Screw two of the four T6 set screws from the kit into one side of the drive as shown. The drive can then be positioned entirely inside the frame by pressing the drive and cable assembly into place. After lining up the drive’s mounting holes through the remaining grommets, screw in the final two set screws.

Step 15 of 16: Step 14: Crucial last step

In this refit, we have a 256GB Crucial M4 SSD ready to roll. To rebuild the mini, follow the same prodedure in reverse, not forgetting to later push home the new drive’s custom SATA cable into its predestined place on the logic board, right next to the lower drive’s connection post.

Step 16 of 16: Bonus tip: Take your time

The Mac mini is a marvel of computer engineering. Apple has squeezed a powerful computer into a sleek metallic pancake, applying its experience in high-end notebook design to safeguard thermal requirements.

Taking this model apart is akin to taking down a ship in a bottle, as it all slips into a solid slice of aluminium. Ironically, the process is actually less fraught than the previous generation, which required a putty knife and a lot of manual manipulation to tear down.

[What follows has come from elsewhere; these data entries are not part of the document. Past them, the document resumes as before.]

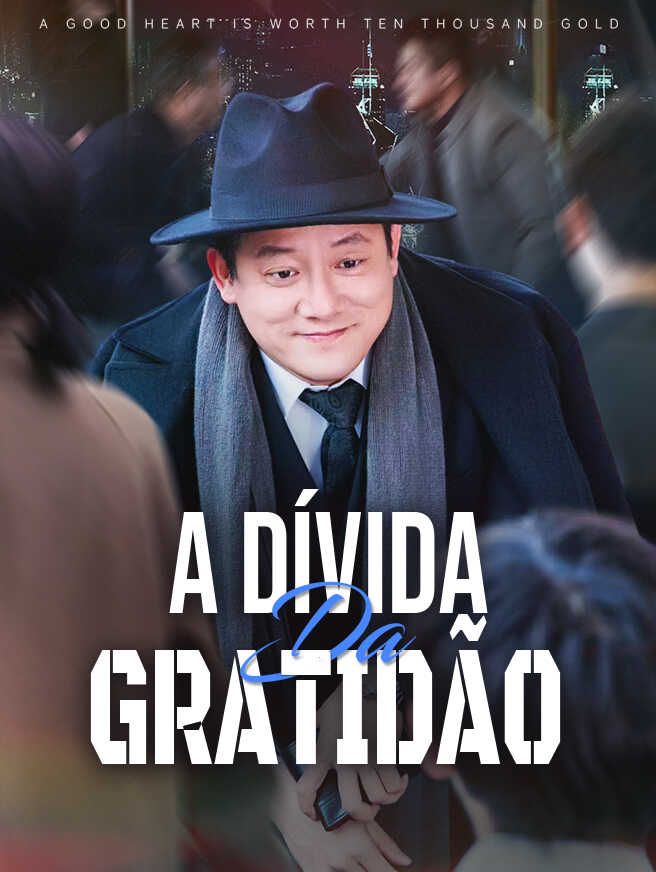 A Dívida da Gratidão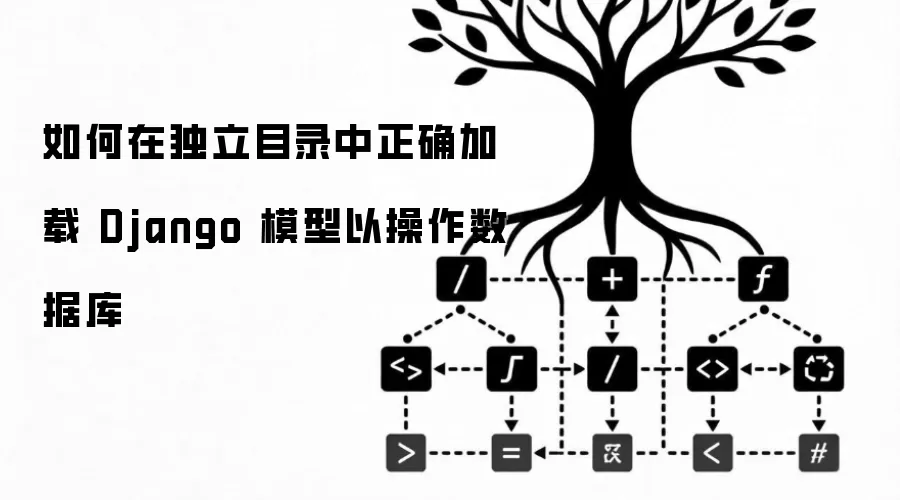 如何在独立目录中正确加载 Django 模型以操作数据库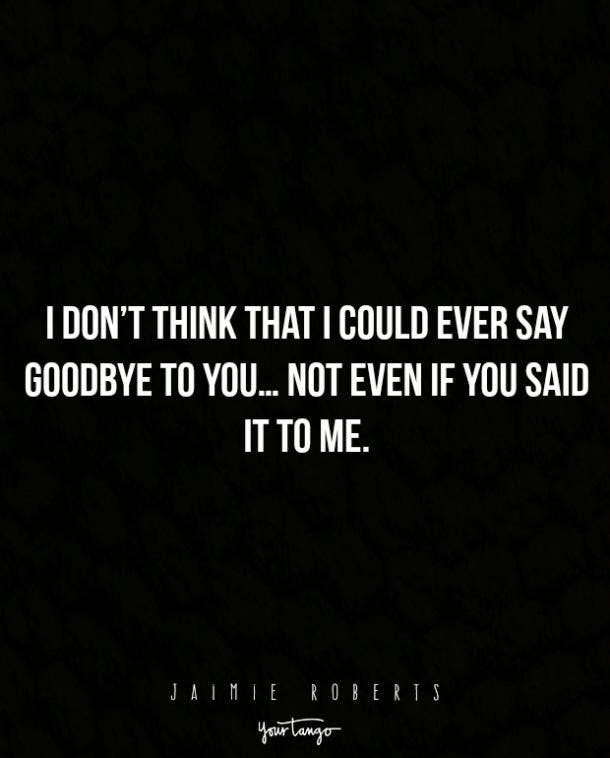 15 Sad Quotes That Describe The Pain Of Saying Goodbye Yourtango
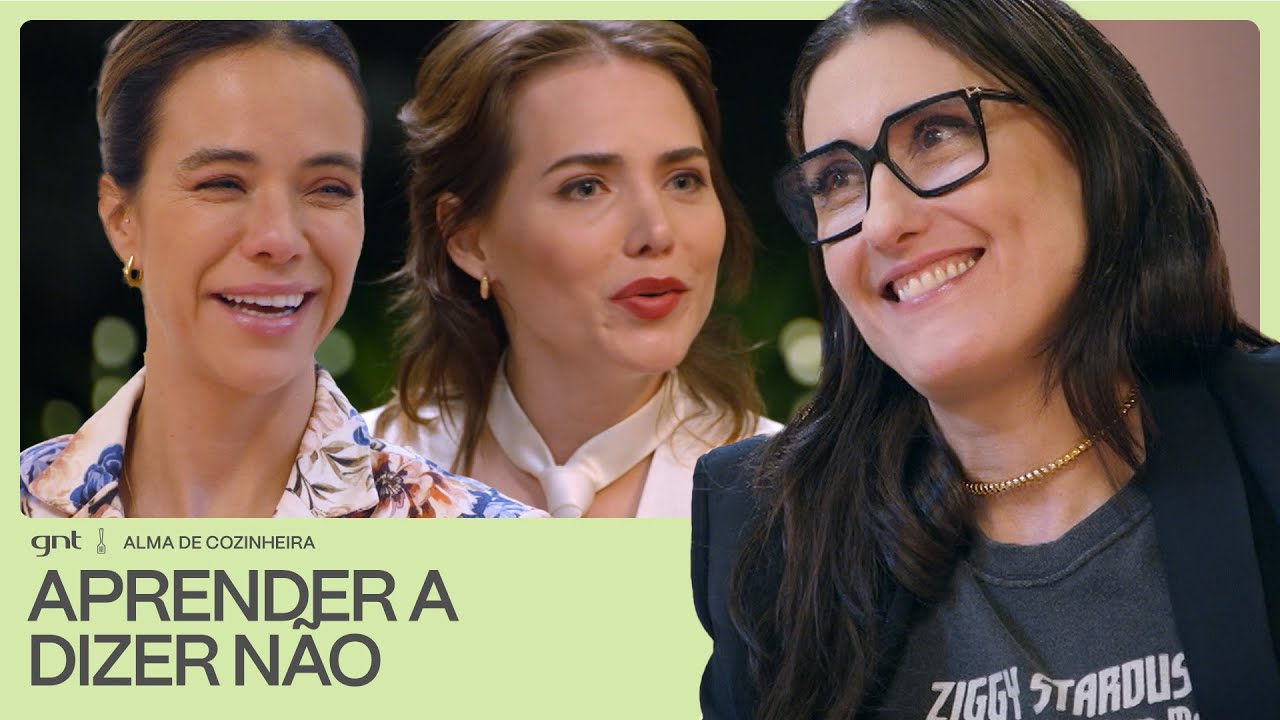 Letícia Colin e Miá Mello não têm medo de se REINVENTAR | Alma de Cozinheira | GNT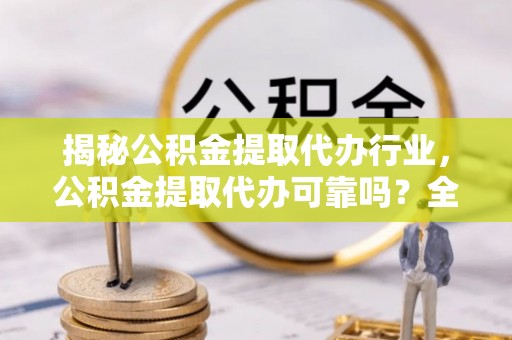 崇义揭秘公积金提取代办行业，公积金提取代办可靠吗？全面解析与风险规避
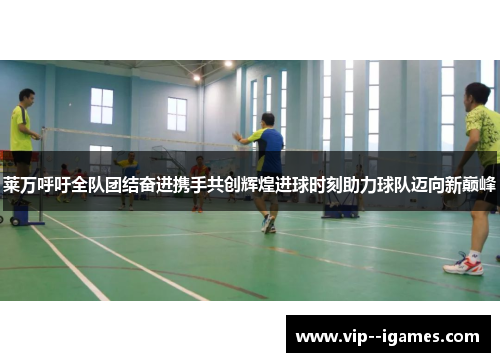 莱万呼吁全队团结奋进携手共创辉煌进球时刻助力球队迈向新巅峰 莱万呼吁全队团结奋进携手共创辉煌进球时刻助力球队迈向新巅峰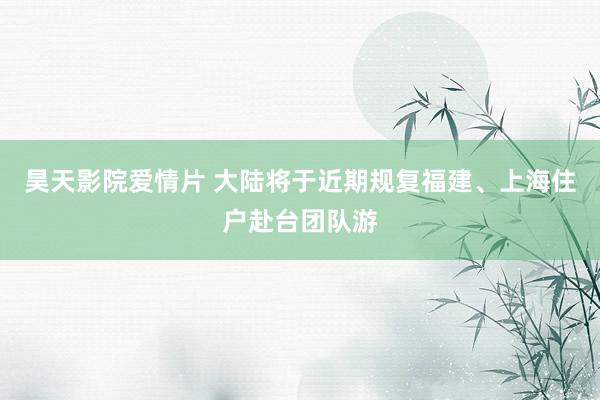 昊天影院爱情片 大陆将于近期规复福建、上海住户赴台团队游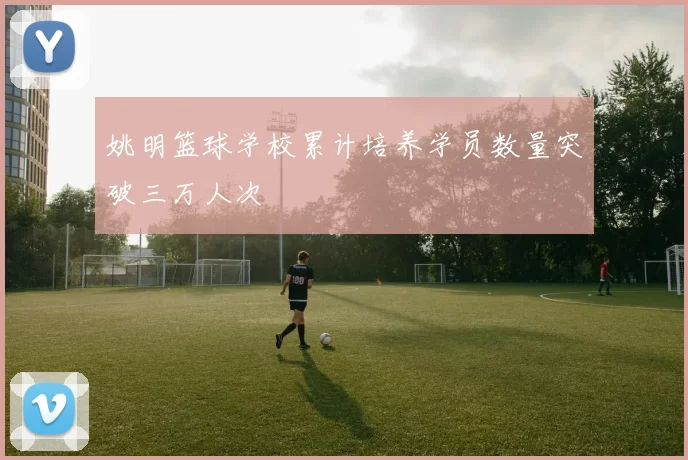 姚明篮球学校累计培养学员数量突破三万人次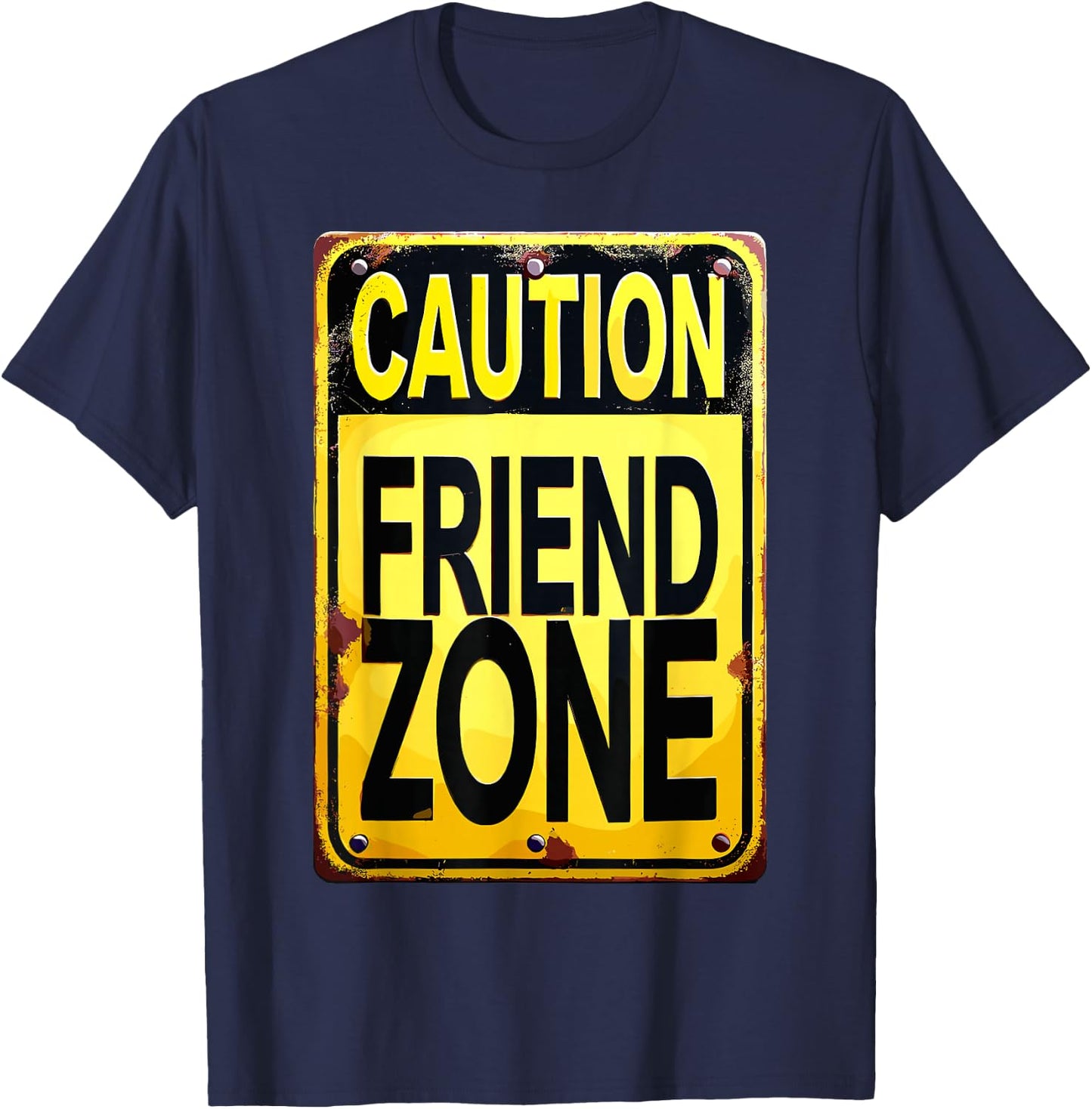 Funny Friend Zone Friendzone Best Friend Joke Humor Meme BFF T-Shirt - T-Shirt | Navy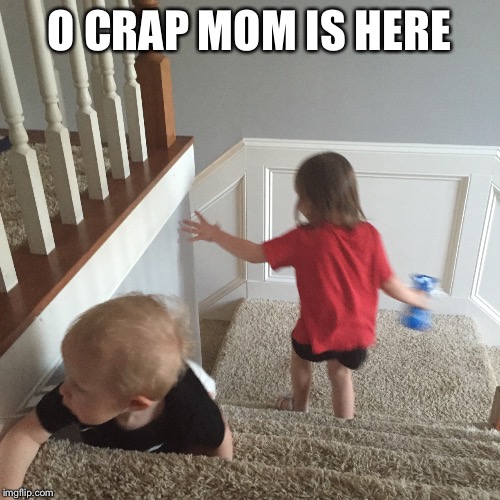 O CRAP MOM IS HERE | made w/ Imgflip meme maker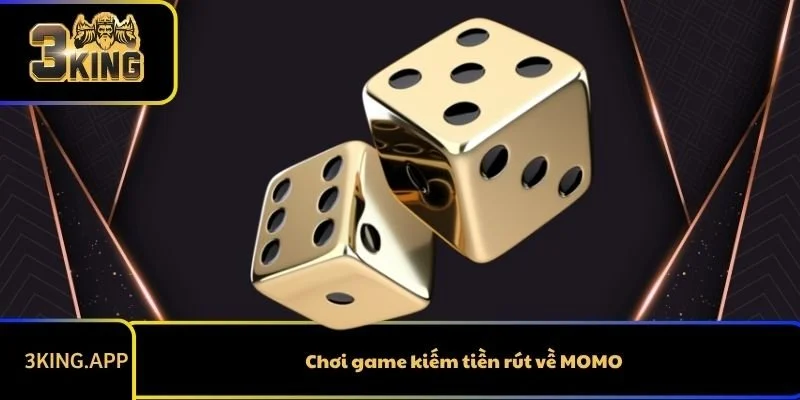 Chơi Game Kiếm Tiền Rút Về MOMO Uy Tín Tại 3KING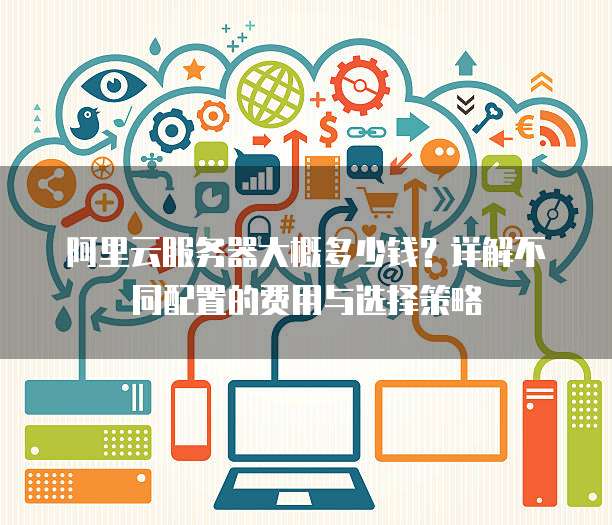 阿里云服务器大概多少钱?详解不同配置的费用与选择策略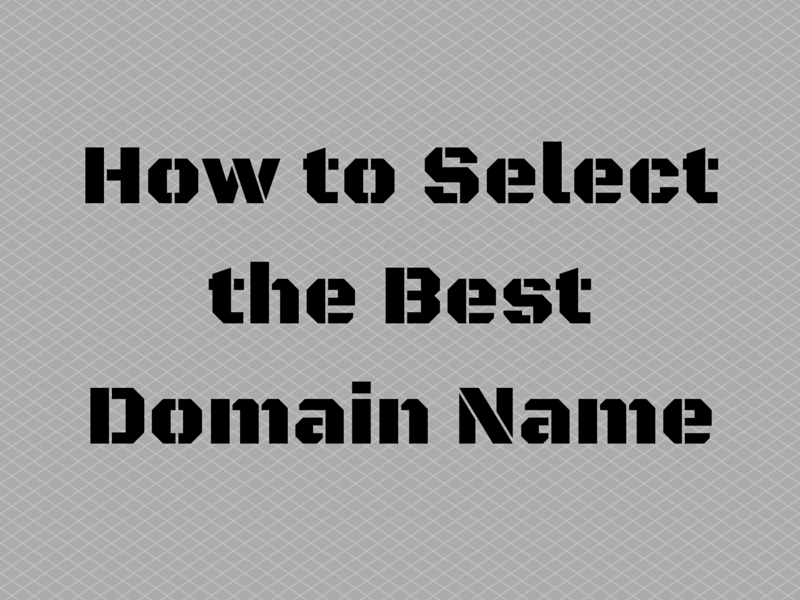 How to Select the Best Domain Name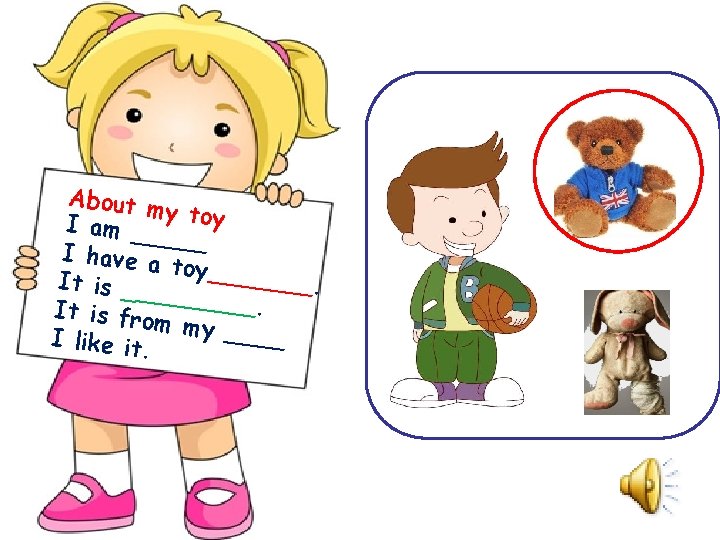 About m y I am __ toy ___ I have a toy____ ___. It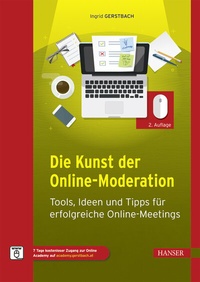 Abbildung von: Die Kunst der Online-Moderation - Hanser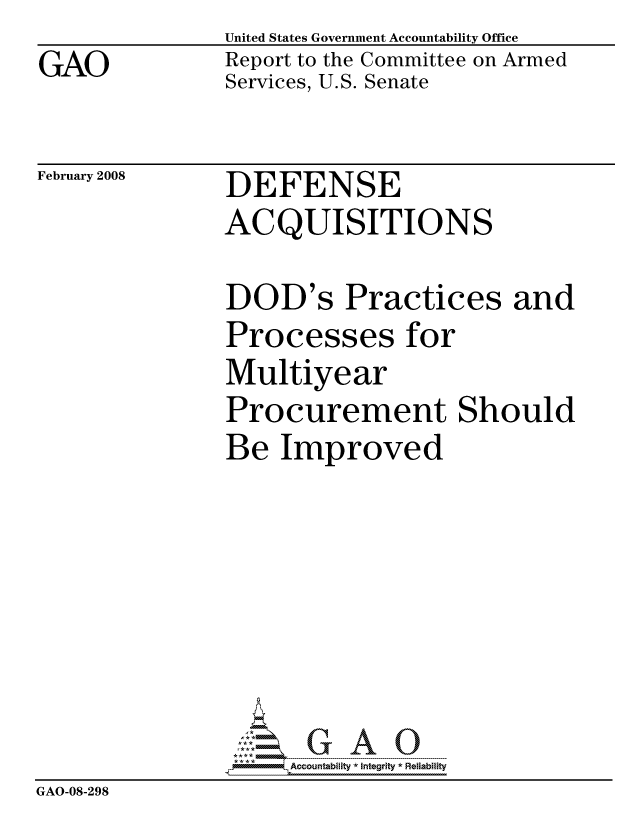 handle is hein.gao/gaocrptawgj0001 and id is 1 raw text is: GAO


United States Government Accountability Office
Report to the Committee on Armed
Services, U.S. Senate


February 2008


DEFENSE
ACQUISITIONS


               DOD's Practices and
               Processes for
               Multiyear
               Procurement Should
               Be Improved







                    ccountability * Integrity * Reliability
GAO-08-298


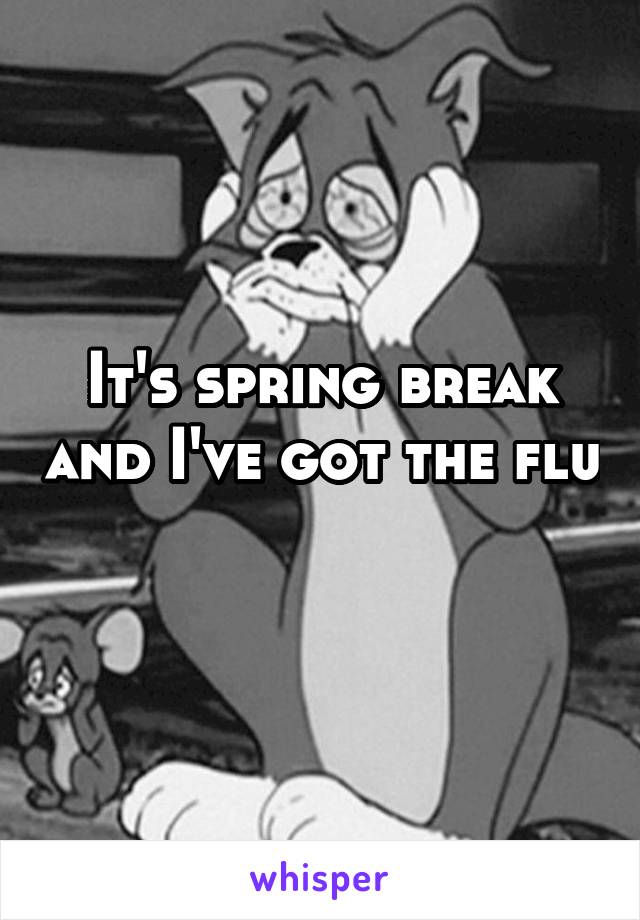 It's spring break and I've got the flu 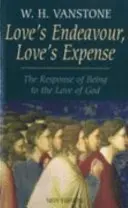 Das Bemühen der Liebe, die Kosten der Liebe - Die Antwort des Seins auf die Liebe Gottes - Love's Endeavour, Love's Expense - The Response of Being to the Love of God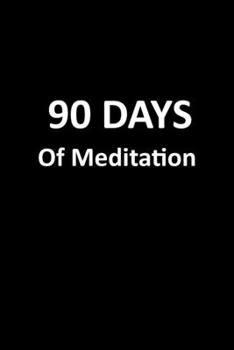 Paperback 90 Days of Meditation: Meditation Journal Book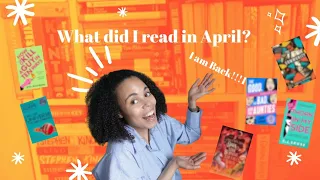 I am back!!! With my April wrap up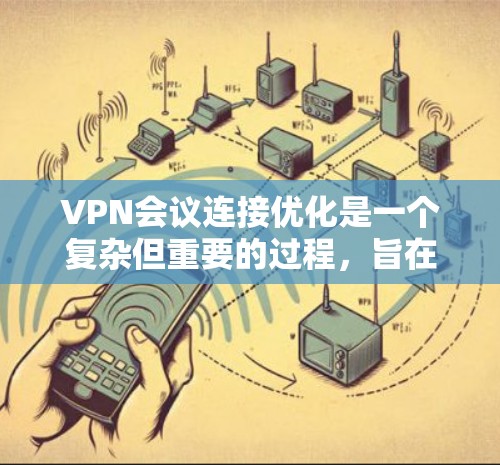 VPN会议连接优化是一个复杂但重要的过程,旨在提升会议的质量和用户体验。以下是优化VPN会议连接的关键步骤和方法 VPN会议连接优化是一个复杂但重要的过程,旨在提升会议的质量和用户体验。以下是优化VPN会议连接的关键步骤和方法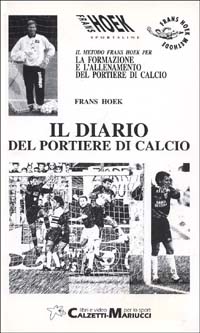 Il metodo Frans Hoek per la formazione e l'allenamento del portiere di calcio. Con 3 videocassette Il metodo Frans Hoek per la formazione e l'allenamento del portiere di calcio. Con 3 videocassette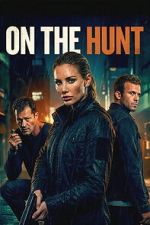 Watch On the Hunt Freemovieswatch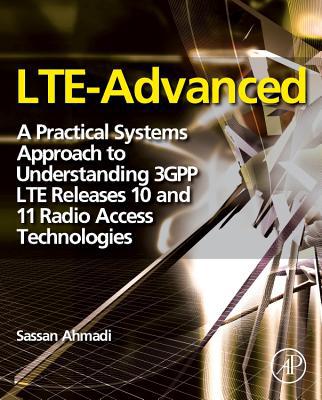 Book LTE-Advanced: A Practical Systems Approach to Understanding 3GPP LTE Releases 10 and 11 Radio Access Technologies free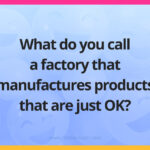 What do you call a factory that manufactures products that are just OK?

Make sure you work in good light, and allow yourself time to take each step slowly. Label screws as you remove them, for example by popping them in an empty egg carton while writing on the carton where each one came from.

Ensure that you earth yourself at all times, for example with an anti-static wrist strap.

The kit supplied by iFixit has everything you need apart from ESD protection. The toolkit is not the finest money can buy, but it gets the job done, and even includes the latest tri-driver bits found in new MacBook Air models.

As a final tip, try to flex the new SATA ribbon into shape to accomodate the original drive above it, before reinstalling that drive. It needs two bends, in places easily found as you align it into place to connect to the logic board.